To deal with tickets, there are multiple options.

Option 1: Buffer (15-20%) in your sprint

Assign less to the sprint in the planning. That buffer might be of different sizes in different sprints based on the need of the business, product, or team.

Option 2: Plan the sprint for 100%

The better solution is to plan the sprint for 100% of capacity.  Once the support ticket arrives, the Product Owner must decide if it should be included in the sprint (therefore breaking the commitment). I try to not break the commitment as much as possible. Therefore I want to find the root causes more thoroughly.

Urgent doesn’t mean it is also important.

A lot of tickets can wait. It is easy just to speak to the ticket reporter first and you will find that it is not so urgent. This means you can plan the fix of such a ticket in the later sprint. Of course, such a decision might be impacted by your Service Layer Agreemen. Which, in most of the cases we observed, were not defined well enough, or too wide. They included only response time without a proper process of investigation and triage.

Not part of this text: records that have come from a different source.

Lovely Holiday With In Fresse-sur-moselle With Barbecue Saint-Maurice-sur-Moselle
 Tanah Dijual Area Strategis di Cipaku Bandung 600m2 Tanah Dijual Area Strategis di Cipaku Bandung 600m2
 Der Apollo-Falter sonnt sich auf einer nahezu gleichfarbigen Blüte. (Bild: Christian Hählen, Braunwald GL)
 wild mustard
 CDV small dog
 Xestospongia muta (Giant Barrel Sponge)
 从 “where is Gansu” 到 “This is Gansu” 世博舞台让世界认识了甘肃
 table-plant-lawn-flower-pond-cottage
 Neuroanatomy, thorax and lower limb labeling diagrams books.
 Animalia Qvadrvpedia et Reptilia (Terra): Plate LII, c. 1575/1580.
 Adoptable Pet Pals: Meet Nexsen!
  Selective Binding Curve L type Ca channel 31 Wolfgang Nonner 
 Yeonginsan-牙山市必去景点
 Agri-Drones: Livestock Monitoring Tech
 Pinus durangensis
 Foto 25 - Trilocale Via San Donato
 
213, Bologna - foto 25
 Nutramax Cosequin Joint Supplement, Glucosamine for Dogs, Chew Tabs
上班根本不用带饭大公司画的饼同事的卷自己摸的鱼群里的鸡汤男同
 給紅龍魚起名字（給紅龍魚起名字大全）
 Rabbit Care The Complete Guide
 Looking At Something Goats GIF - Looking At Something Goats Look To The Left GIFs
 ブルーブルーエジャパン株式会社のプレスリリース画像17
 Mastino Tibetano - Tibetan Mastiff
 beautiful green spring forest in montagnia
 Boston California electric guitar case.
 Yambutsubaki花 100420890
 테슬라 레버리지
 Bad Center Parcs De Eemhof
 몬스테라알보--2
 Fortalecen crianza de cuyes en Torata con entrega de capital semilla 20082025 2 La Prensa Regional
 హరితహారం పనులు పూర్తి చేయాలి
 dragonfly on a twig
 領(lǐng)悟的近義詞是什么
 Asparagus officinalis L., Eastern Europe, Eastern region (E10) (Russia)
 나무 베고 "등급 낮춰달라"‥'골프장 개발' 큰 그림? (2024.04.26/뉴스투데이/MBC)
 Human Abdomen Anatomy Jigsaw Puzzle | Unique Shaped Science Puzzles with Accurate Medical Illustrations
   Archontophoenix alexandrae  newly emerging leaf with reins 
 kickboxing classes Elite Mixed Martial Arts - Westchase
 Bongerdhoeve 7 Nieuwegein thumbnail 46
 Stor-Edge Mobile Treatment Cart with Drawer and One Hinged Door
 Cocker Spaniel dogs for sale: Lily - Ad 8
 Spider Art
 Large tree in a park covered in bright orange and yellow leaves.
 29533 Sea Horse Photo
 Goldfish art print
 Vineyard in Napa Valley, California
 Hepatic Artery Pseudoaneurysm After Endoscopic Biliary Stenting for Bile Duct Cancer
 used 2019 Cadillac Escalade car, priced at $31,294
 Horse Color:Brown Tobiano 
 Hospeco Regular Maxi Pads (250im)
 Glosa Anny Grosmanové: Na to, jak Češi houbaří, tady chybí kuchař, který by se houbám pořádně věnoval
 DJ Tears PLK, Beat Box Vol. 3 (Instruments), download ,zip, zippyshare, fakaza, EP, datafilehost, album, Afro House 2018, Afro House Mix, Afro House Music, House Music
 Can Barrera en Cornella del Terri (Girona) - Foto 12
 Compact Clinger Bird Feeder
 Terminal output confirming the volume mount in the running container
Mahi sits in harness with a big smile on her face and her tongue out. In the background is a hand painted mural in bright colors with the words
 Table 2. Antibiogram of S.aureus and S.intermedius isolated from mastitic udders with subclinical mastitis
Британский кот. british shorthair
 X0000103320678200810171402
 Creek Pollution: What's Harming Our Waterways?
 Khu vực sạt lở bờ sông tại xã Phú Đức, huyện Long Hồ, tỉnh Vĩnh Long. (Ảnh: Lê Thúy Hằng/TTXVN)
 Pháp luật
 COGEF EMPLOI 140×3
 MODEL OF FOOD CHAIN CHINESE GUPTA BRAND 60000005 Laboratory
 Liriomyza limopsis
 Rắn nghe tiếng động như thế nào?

Don’t forget to evaluate how many support tickets were planned, fixed in the sprint. Which of them arrived after the sprint has been started? Ask the team why they happen, how can we overcome such tickets in the future. What needs to be planned to fix their root cause. Can be the solution described in your FAQ? Maybe that is enough…

Option 3: Firefighters

if you are fighting with tickets, establish separate firefighters group which will deal just with tickets. Let the rest of the team focus on new functionalities. Don’t forget to rotate people in the firefighter’s team to overcome ‘extinction’. Try to dismiss the firefighter team as soon as possible by solving root causes (let the 2nd part of the team focus on this).

Option 4: Hold a line!

Let one team member holds a 3rd level line to triage problems, sort them, and advise the Product Owner to include them in the sprint. Rotate 3rd line support in the team. That also helps build sustainability a lot.